(Web page caption snippets)
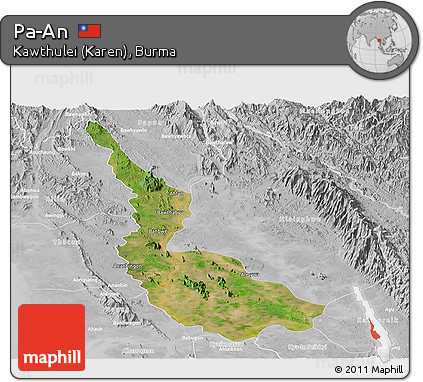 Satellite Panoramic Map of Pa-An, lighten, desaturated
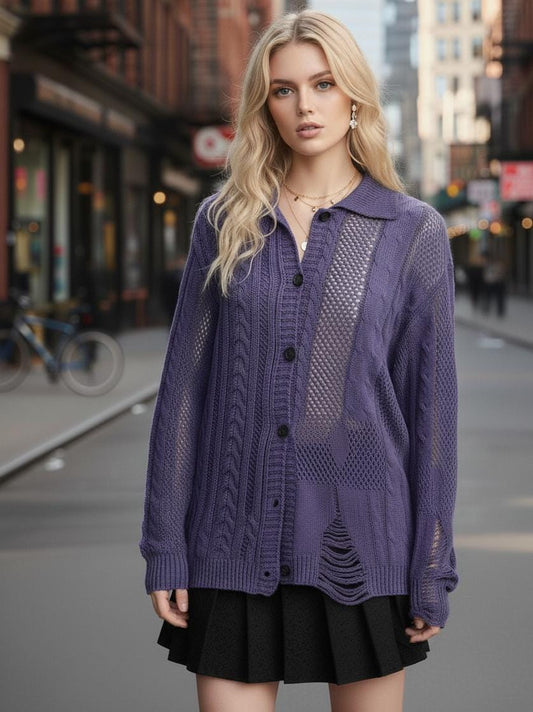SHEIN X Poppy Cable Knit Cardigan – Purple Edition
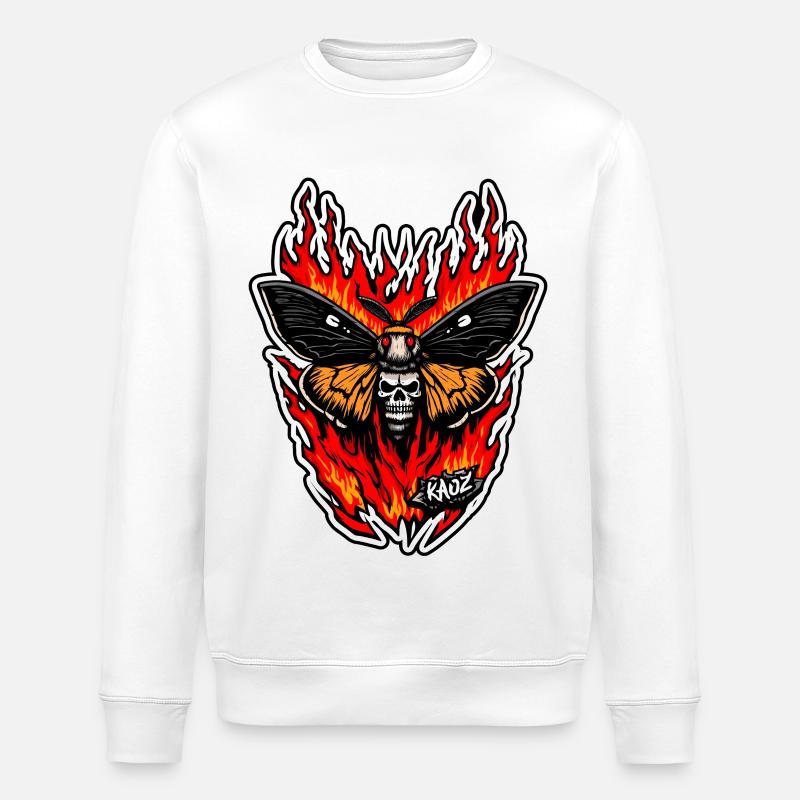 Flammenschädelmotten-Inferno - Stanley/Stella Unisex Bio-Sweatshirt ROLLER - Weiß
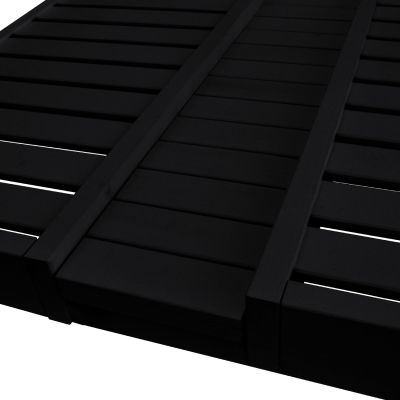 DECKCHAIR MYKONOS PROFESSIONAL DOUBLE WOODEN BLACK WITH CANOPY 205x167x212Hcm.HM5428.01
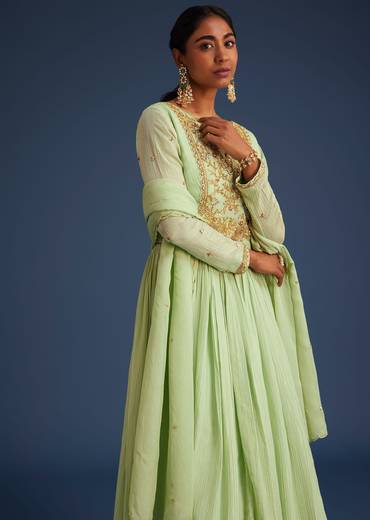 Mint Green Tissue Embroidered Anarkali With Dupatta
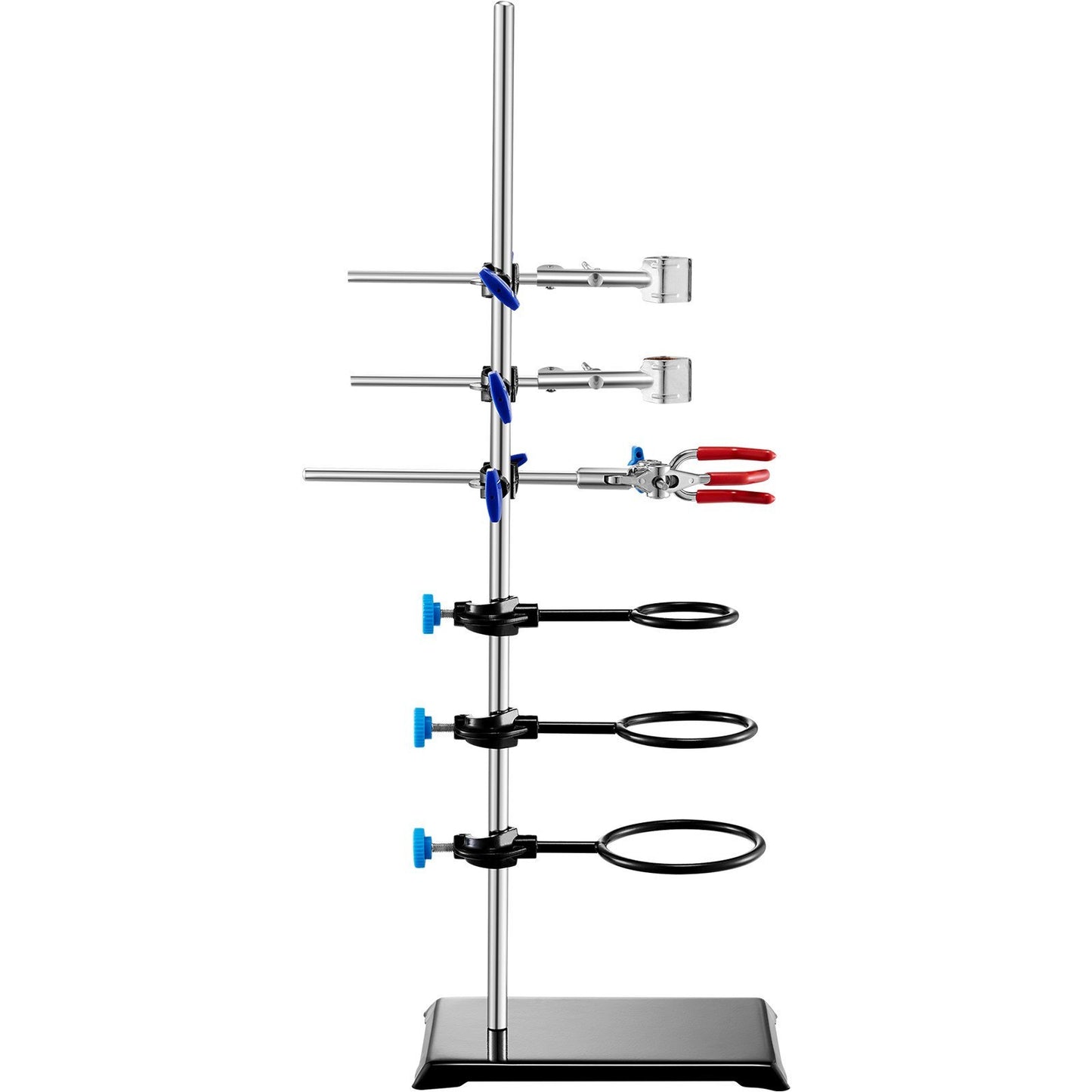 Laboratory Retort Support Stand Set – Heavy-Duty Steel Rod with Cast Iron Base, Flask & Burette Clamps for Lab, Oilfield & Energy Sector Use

# WHAT YOU ARE ASKED TO DO
Each record above is to be written out exactly; the pictures are not.

# ANSWER SECTION
 Satellite Panoramic Map of Pa-An, lighten, desaturated
SHEIN X Poppy Cable Knit Cardigan – Purple Edition
 Flammenschädelmotten-Inferno - Stanley/Stella Unisex Bio-Sweatshirt ROLLER - Weiß
 DECKCHAIR MYKONOS PROFESSIONAL DOUBLE WOODEN BLACK WITH CANOPY 205x167x212Hcm.HM5428.01
 Mint Green Tissue Embroidered Anarkali With Dupatta
 Laboratory Retort Support Stand Set – Heavy-Duty Steel Rod with Cast Iron Base, Flask & Burette Clamps for Lab, Oilfield & Energy Sector Use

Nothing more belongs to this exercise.